On Fri, Jan 17, 2014 at 5:05 PM, Stefan Salewski <m...@ssalewski.de> wrote:

> On Fri, 2014-01-17 at 16:38 -0500, Jasper St. Pierre wrote:
> > If you have a keyboard device, you can use
> > gdk_device_get_associated_device() to return the paired mouse device.
>
> Fine -- but currently I have only a keyboard event as described in
>
>
> https://developer.gnome.org/gdk3/stable/gdk3-Event-Structures.html#GdkEventKey
>
> There is no reference to a device.
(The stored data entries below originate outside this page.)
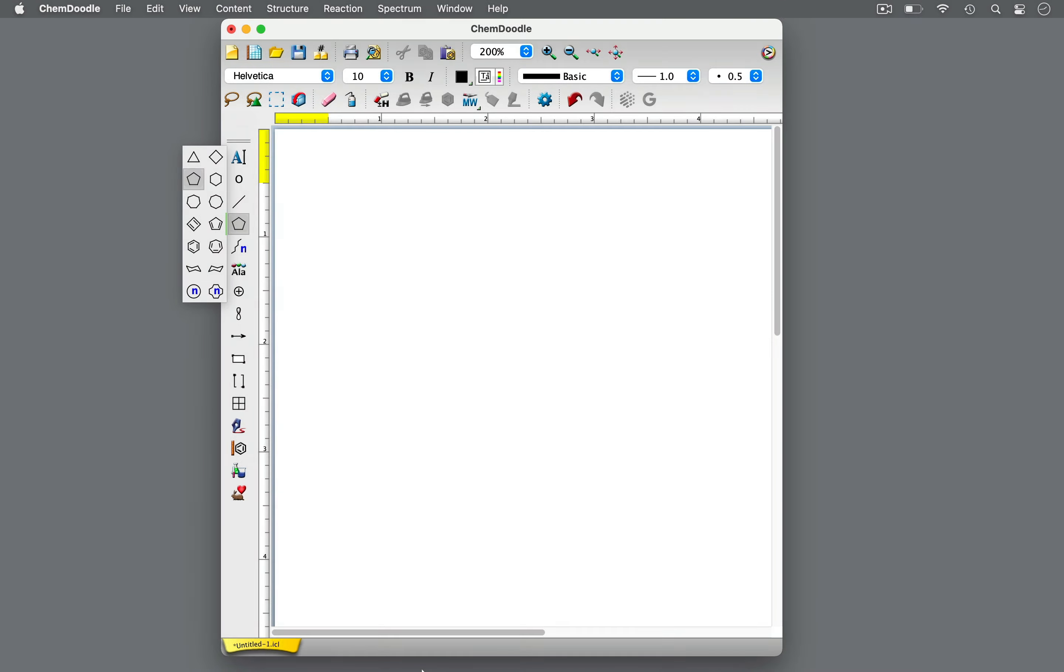Welcome to ChemDoodle Shorts. I'm Mary, your ChemDoodle Pro. Let's learn about geometric isomers and the E-Z naming convention.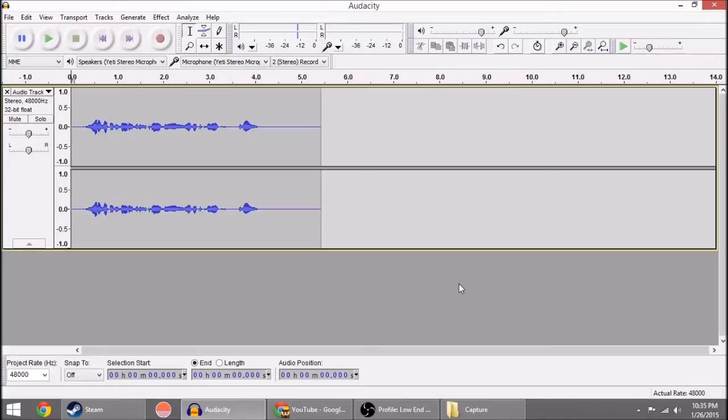What is up everybody, Kyle Blaine here and I wanted to give you a quick tip on how you can be more efficient with your Audacity effects and recording and all that jazz.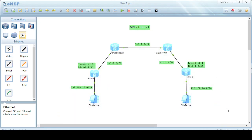Hello friends, today we are going to configure a GRE tunnel on ANSP. We are using the same topology as we did in our last lab for H3C and HPE switches and routers. We have two remote sites: site 1 and site 2.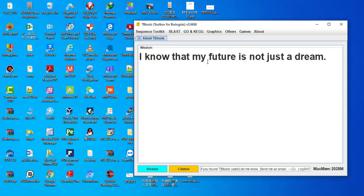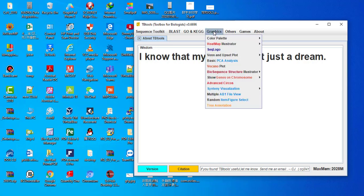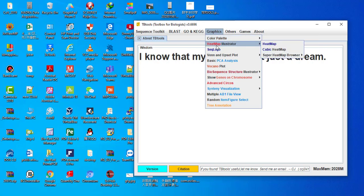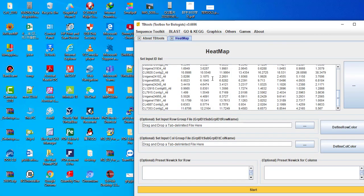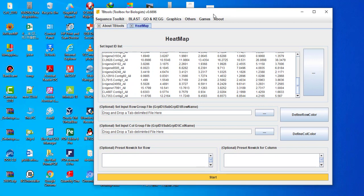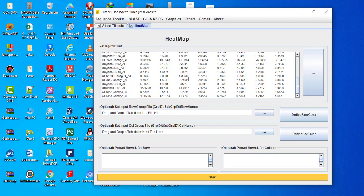First of all, open your TBTool software. Go to Graphics, then choose Heatmap Illustrator, then choose Heatmap, and you will get a window like this.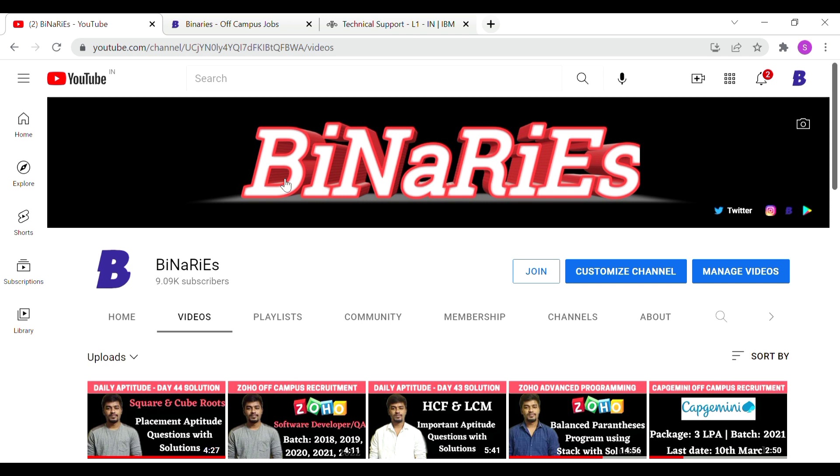If you liked this video, please share with your friends. If you want to support, please subscribe to the channel.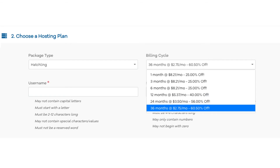You can choose to pay monthly, every 3 months, 6 months, 12 months, 24 months, or 36 months. You will see you will save the most money the farther out you purchase Hostgator hosting for.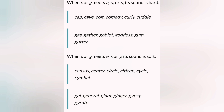When C or G meets A, O, or U, it sounds hard: 'cap,' 'cave,' 'cold,' 'comedy,' 'cool.' Similarly: 'gas,' 'gather,' 'goblet,' 'god,' 'goddess.' When it meets E, I, or Y, it's a soft sound: 'senses,' 'circle.' And for G: 'gel,' 'general' — that's the soft sound.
For mouse buttons I have
>
>
> https://developer.gnome.org/gdk3/stable/gdk3-Event-Structures.html#GdkEventButton
>
> which has a device field. That is fine.
>
> After much googling I found GdkDisplay
>
> https://developer.gnome.org/gdk/unstable/GdkDisplay.html
>
> which may help finding a pointing device, but that seems to be much
> complicated overhead.
>
> You may say that mouse and keyboard input is generally fully unrelated.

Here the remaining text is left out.